Tuning Fork AFM
AFM Feedback
With this method, a conventional cantilever is now mounted onto a tuning fork that is positioned sideways, as shown in the schematic above. The cantilever then exerts a normal force onto the sample, similar to the normal tip-sample interaction force in the conventional laser or optical based method (described below.) The oscillation of the tuning fork, whose resonance is typically 30-40kHz, is actuated and subsequently monitored for changes in frequency, amplitude, quality factor, and phase. The geometry and dimensions of the tuning fork govern its spring constant or stiffness where tuning forks typically have very high (very stiff) spring constants. Currently our systems are supplied with a tuning fork spring constant of approximately 20,000N/m. The feedback parameter to control the tip-sample distance is either amplitude, frequency, or phase, with phase often used for the most sensitive tip-sample control.

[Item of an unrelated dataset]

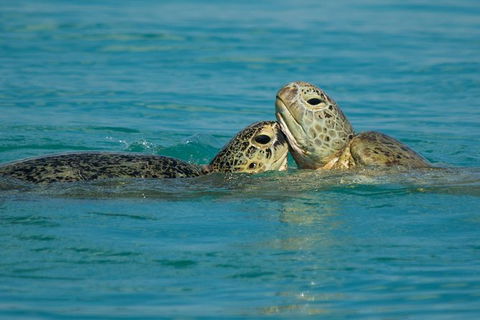 Great Sandy Marine Park Turtle Discovery And Cultural Eco Tour - Attractions Sydney 7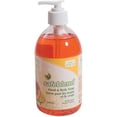 thumbnail image 1 of Safeblend HLMP5CD Hand & Body Soap 500ml Mango Papaya - 1 Each, 1 of 1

This feedback method is laser-free meaning that there is no interference with lasers or signal from an optical experiment. Also, typical quality factors of the tuning forks are very high at ~11000, providing ultra-sensitive feedback for experiments like force spectroscopy that may require it. Finally, cantilevers mounted on tuning forks can avoid discontinuities when approaching the surface, namely the jump to contact (typical for optical beam deflection based feedback and soft probes). This is especially important for force spectroscopic measurements that probe details in the approach curves.
STM Feedback
STM probes can be mounted onto tuning forks too for different experimental configurations such as TERS or surface plasmon excitation. AFM feedback, based on the tuning fork oscillations, can be used to maintain a constant tip-sample distance using the tuning fork's amplitude, phase, or frequency. STM probes operated in this mode still benefit from the laser-free feedback and a very stiff spring constant that avoids jump to contact instabilities, as described above for conventional cantilevers mounted on tuning forks. However, STM probes can also be run with "STM feedback" where now the feedback mechanism to keep the tip-sample distance constant is based on keeping a constant tunneling current between the probe and sample. Functionally, this means that voltage (from the SPM controller) is applied to the probe. The probe and sample are then connected to the signal amplifier and the output signal from the ampifier is then measured. On Nanonics systems, the switch to STM feedback requires a simple switch of a single BNC cable. Note that STM feedback can only be used on conducting or semiconducting surfaces.
Fiber Probes
Fiber based probes can also be mounted onto tuning forks for a variety of experiments including TERS. There are two kinds of feedback mechanisms that can be implemented for fiber probes mounted on a tuning fork: 1) AFM-based feedback which uses the amplitude, frequency, or phase of the tuning fork to maintain a constant tip-sample distance and 2) STM-based feedback for fiber based probes with a thin conductive coating. In this case, the tunneling current between the probe and sample is the source of feedback to maintain a constant tip-sample distance. With AFM feedback, the fiber probes with tuning fork actuation benefit from the laser-free feedback and a very stiff spring constant that avoids jump to contact instabilities, as described above for conventional cantilevers mounted on tuning forks. AFM-feedback can be used on all kinds of samples - insulating, conducting, or semiconducting.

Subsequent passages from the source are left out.